Cuando en la redacción de EL UNIVERSAL nos enteramos poco a poco de la muerte de Pedro “El Perro” Aguayo abundaron los comentarios nostálgicos, los recuerdos. El luchador, el personaje, se fue metiendo poco a poco en la memoria de treintones, cuarentones y mayores gracias a salir prácticamente cada semana en la televisión, en funciones en horarios familiares.

Las botas de piel de perro, “La Estaca”, su movimiento particular, y la marcha de Zacatecas eran símbolos sencillos, fáciles de aprender, de entender y de seguir por multitud de niños.

Había otro que no era propiamente muy infantil.

La sangre era un ritual habitual en sus presentaciones. Ante el asombro y en muchas ocasiones espanto de menores, el chisguete de sangre recorría lonas y el rostro del perro, y el del adversario.

La estructura del combate era a menudo la misma, sobre todo en su etapa técnica: ganaba una primera caía; lo golpeaban, sangraban y masacraban en la segunda, y a la tercera, a fuerza de un segundo aire, de fuerzas que sacaba de quién sabe dónde, daba la vuelta a la lucha y salía victorioso.

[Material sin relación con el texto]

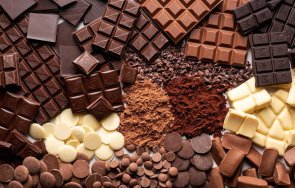 консумирането черен шоколад пет седмично намали риска диабет тип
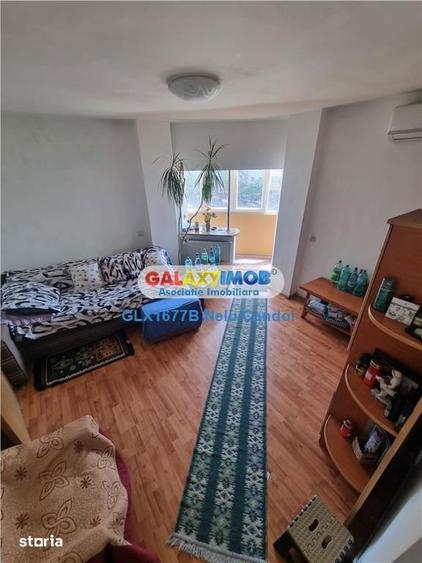 VANZARE APARTAMENT 2 CAMERE RAHOVA PETRE ISPIRESCU - 4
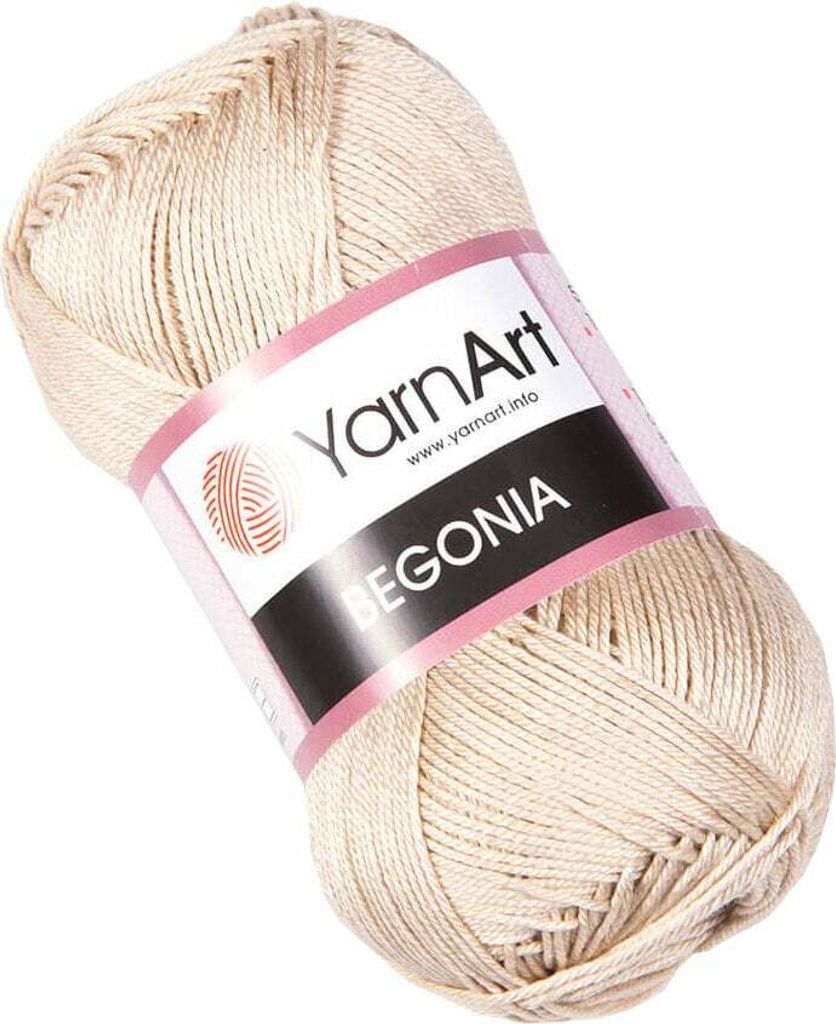 Patons Strickgarn Fab DK – 100% Acryl, 100 G (274 M), Doppelt Gestrickt, Maschinenwaschbar, In Beige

Su frente llena de cicatrices, como mapa, era otra de sus características más visibles. Las cicatrices eran producto de los golpes, mordidas y cortadas que a veces, a la menor provocación, salpicaban el carmín de forma estruendosa.

El ritual de la sangre, la fiesta, era otra cosa. Un espectáculo impactante para quienes lo vimos de cerca.

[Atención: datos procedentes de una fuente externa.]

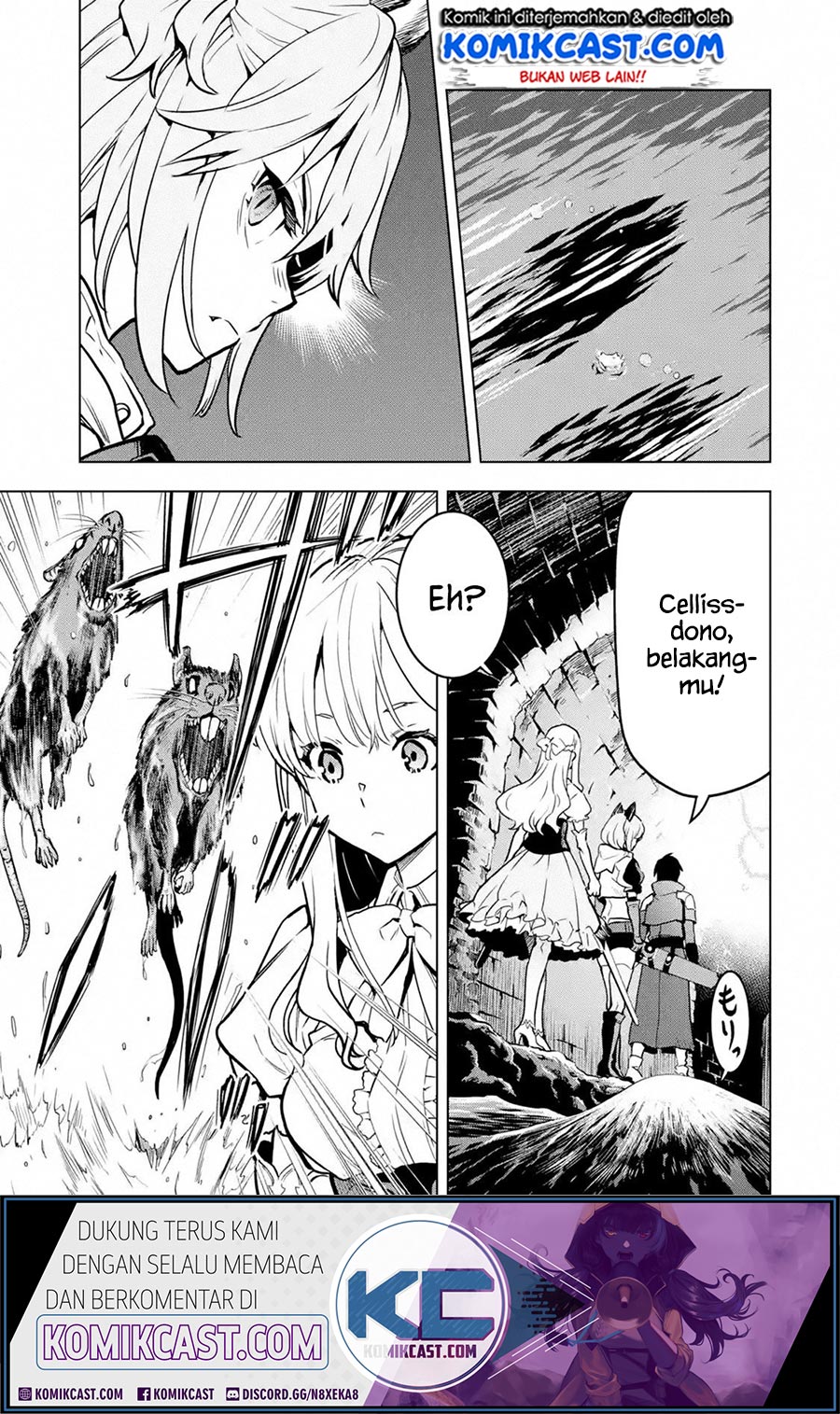 Chapter 13.4 - halaman 14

Para un niño de unos seis años ver a sus héroes con capa salir victoriosos es algo normal, casi necesario, me parece. Pero ver a sus luchadores favoritos con las máscaras rasgadas o los rostros ensangrentados puede resultar incluso perturbador.

Recuerdo varias tardes en el Toreo de Cuatro Caminos, en butacas altísimas, viendo las luchas y la sangre, no solo del perro, sino de otros luchadores como El Satánico, Sangre Chicana, Fishman, todos mordiéndose entre sí, sangrando ante los espectadores.

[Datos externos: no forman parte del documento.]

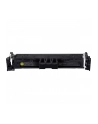 canon Toner CLBP 069 5091C002 żółty - nr 2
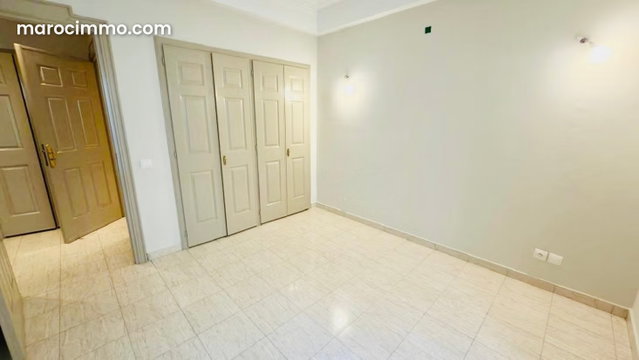 Appartement à l'achat à Racine. Superficie 153 m² — 5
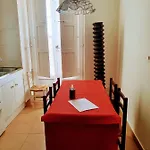 Lejlighed Casa Jean Pineau Elciego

La sangre no deja a nadie indiferente. Algunos espantados, otros extasiados. El resto, atentos a lo que viene, la siguiente maroma, el siguiente golpe. Todos fijos en la sangre, con sus diversas formas de reaccionar.

Con el tiempo esa práctica ha disminuido, pero no se ha ido. En funciones pequeñas, en lugares alejados, y también en algunas funciones estelares y especiales aún es posible ver sangre en combate. Y sigue siendo un espectáculo, un ritual.

Descanse en paz, pues, el Perro Aguayo. Ídolo y leyenda de este ritual que a muchos nos cautivó.